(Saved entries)
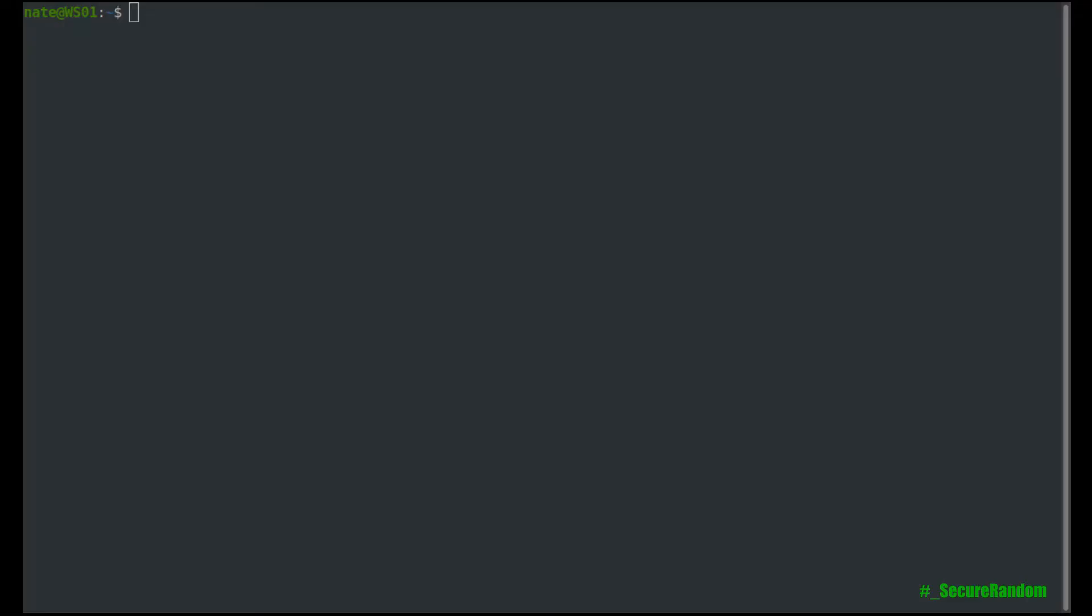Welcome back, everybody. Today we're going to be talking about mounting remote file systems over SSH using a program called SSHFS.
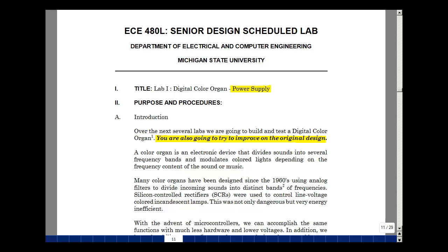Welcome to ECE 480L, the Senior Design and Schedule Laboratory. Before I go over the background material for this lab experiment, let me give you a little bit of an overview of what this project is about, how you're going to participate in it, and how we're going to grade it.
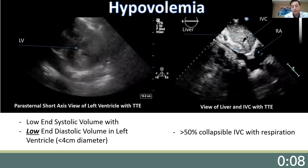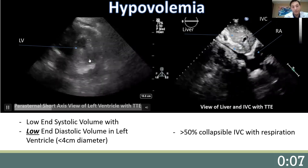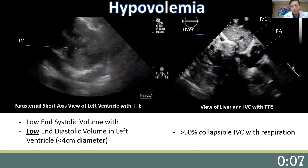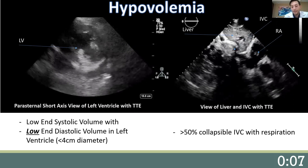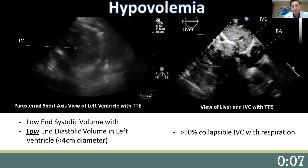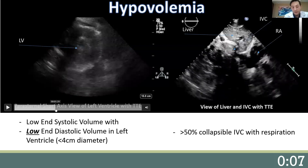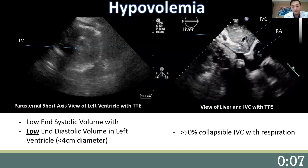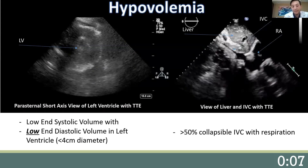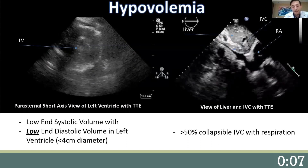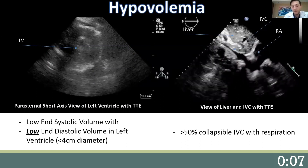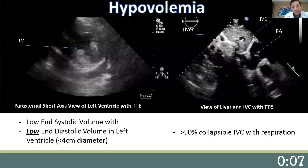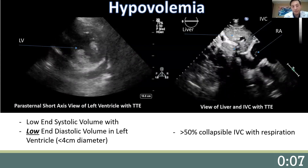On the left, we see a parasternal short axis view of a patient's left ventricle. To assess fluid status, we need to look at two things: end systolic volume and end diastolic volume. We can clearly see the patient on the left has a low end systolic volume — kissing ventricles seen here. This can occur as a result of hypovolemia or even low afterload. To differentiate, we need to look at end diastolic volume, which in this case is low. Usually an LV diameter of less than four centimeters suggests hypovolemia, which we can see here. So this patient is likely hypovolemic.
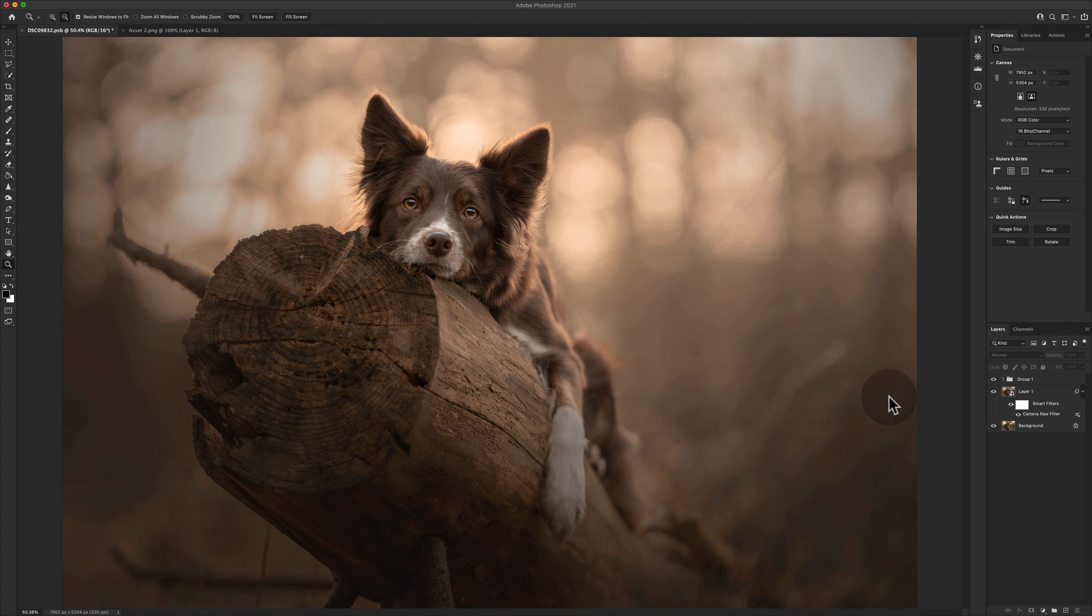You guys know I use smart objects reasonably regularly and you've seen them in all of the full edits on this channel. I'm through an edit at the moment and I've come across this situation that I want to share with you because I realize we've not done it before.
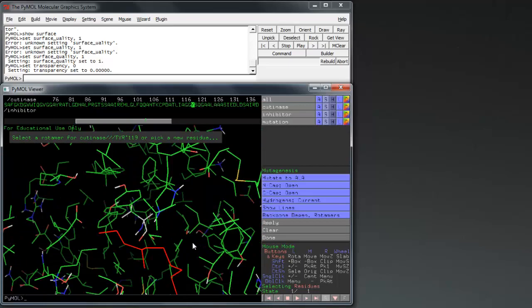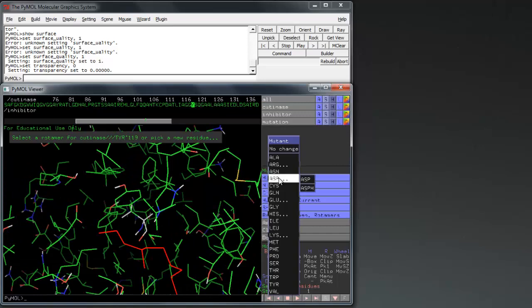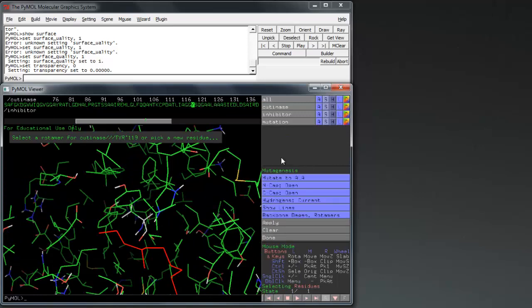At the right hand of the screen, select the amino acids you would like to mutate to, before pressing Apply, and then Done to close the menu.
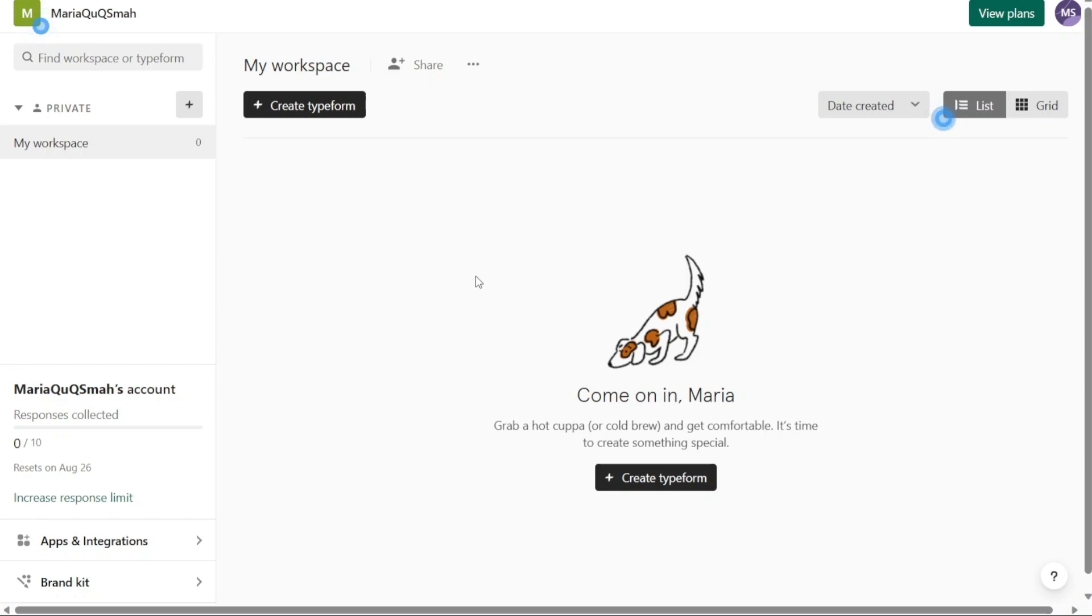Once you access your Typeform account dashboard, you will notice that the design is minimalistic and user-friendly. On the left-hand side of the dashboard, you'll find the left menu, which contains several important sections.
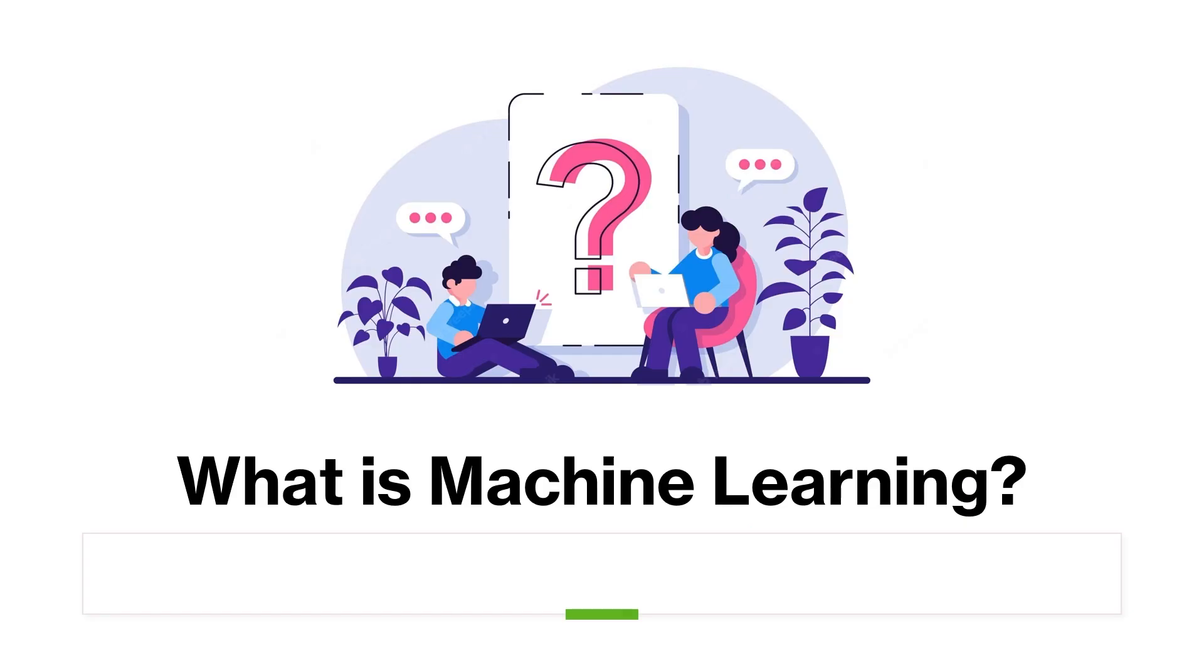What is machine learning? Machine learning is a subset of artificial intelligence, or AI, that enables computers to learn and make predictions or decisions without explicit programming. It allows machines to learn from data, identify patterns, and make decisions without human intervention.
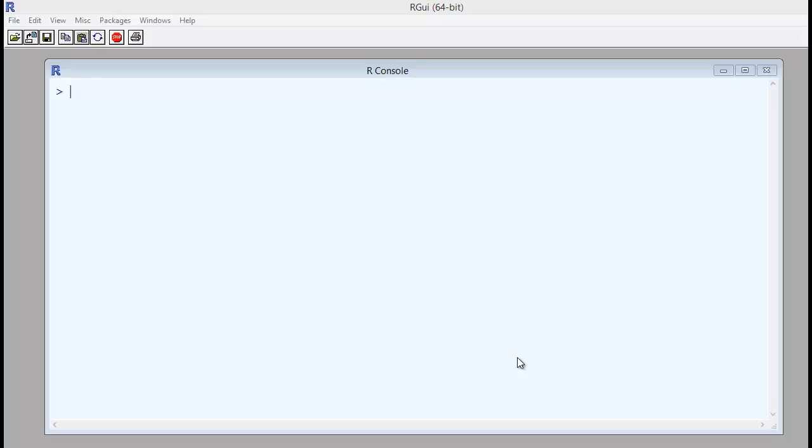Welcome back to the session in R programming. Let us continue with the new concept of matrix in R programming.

-- Work instructions --
Leaving out the pictures, repeat all the entries exactly as they stand.

-- Output of the exercise --
Welcome back, everybody. Today we're going to be talking about mounting remote file systems over SSH using a program called SSHFS.
Welcome to ECE 480L, the Senior Design and Schedule Laboratory. Before I go over the background material for this lab experiment, let me give you a little bit of an overview of what this project is about, how you're going to participate in it, and how we're going to grade it.
On the left, we see a parasternal short axis view of a patient's left ventricle. To assess fluid status, we need to look at two things: end systolic volume and end diastolic volume. We can clearly see the patient on the left has a low end systolic volume — kissing ventricles seen here. This can occur as a result of hypovolemia or even low afterload. To differentiate, we need to look at end diastolic volume, which in this case is low. Usually an LV diameter of less than four centimeters suggests hypovolemia, which we can see here. So this patient is likely hypovolemic.
You guys know I use smart objects reasonably regularly and you've seen them in all of the full edits on this channel. I'm through an edit at the moment and I've come across this situation that I want to share with you because I realize we've not done it before.
At the right hand of the screen, select the amino acids you would like to mutate to, before pressing Apply, and then Done to close the menu.
Once you access your Typeform account dashboard, you will notice that the design is minimalistic and user-friendly. On the left-hand side of the dashboard, you'll find the left menu, which contains several important sections.
What is machine learning? Machine learning is a subset of artificial intelligence, or AI, that enables computers to learn and make predictions or decisions without explicit programming. It allows machines to learn from data, identify patterns, and make decisions without human intervention.
Welcome back to the session in R programming. Let us continue with the new concept of matrix in R programming.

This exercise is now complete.